▶ **ASSIGNMENT**
The answer is the full listing restated exactly, without any pictures.

── SUPPLIED MATERIAL ──

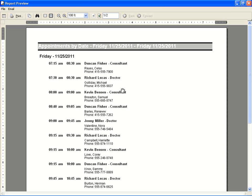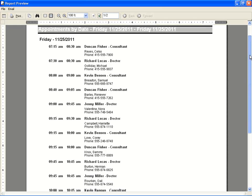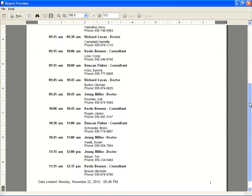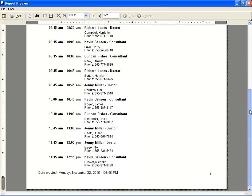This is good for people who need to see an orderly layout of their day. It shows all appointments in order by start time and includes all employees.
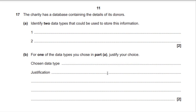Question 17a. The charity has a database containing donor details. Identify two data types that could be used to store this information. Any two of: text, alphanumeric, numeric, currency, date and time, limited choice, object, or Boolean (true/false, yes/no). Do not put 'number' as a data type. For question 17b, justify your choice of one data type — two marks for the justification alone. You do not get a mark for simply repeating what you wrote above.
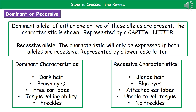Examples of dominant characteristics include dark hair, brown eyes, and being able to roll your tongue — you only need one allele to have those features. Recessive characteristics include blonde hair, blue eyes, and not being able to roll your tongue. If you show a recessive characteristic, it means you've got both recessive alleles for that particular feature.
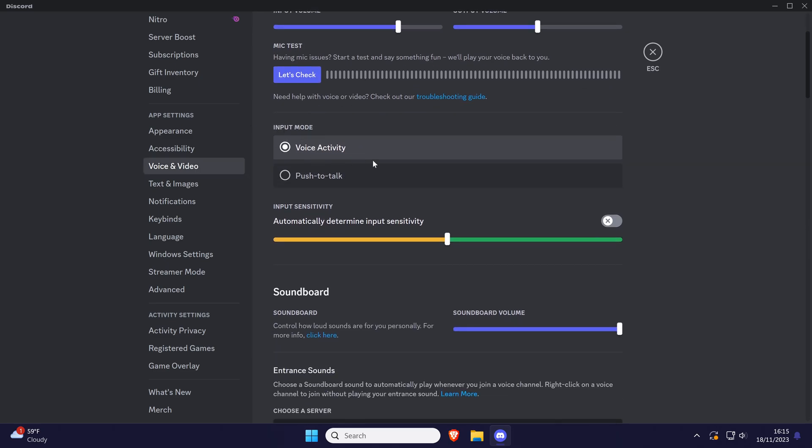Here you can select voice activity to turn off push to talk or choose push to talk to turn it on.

───

▶ **OUTPUT FOR THIS EXERCISE**
This is good for people who need to see an orderly layout of their day. It shows all appointments in order by start time and includes all employees.
Question 17a. The charity has a database containing donor details. Identify two data types that could be used to store this information. Any two of: text, alphanumeric, numeric, currency, date and time, limited choice, object, or Boolean (true/false, yes/no). Do not put 'number' as a data type. For question 17b, justify your choice of one data type — two marks for the justification alone. You do not get a mark for simply repeating what you wrote above.
Examples of dominant characteristics include dark hair, brown eyes, and being able to roll your tongue — you only need one allele to have those features. Recessive characteristics include blonde hair, blue eyes, and not being able to roll your tongue. If you show a recessive characteristic, it means you've got both recessive alleles for that particular feature.
Here you can select voice activity to turn off push to talk or choose push to talk to turn it on.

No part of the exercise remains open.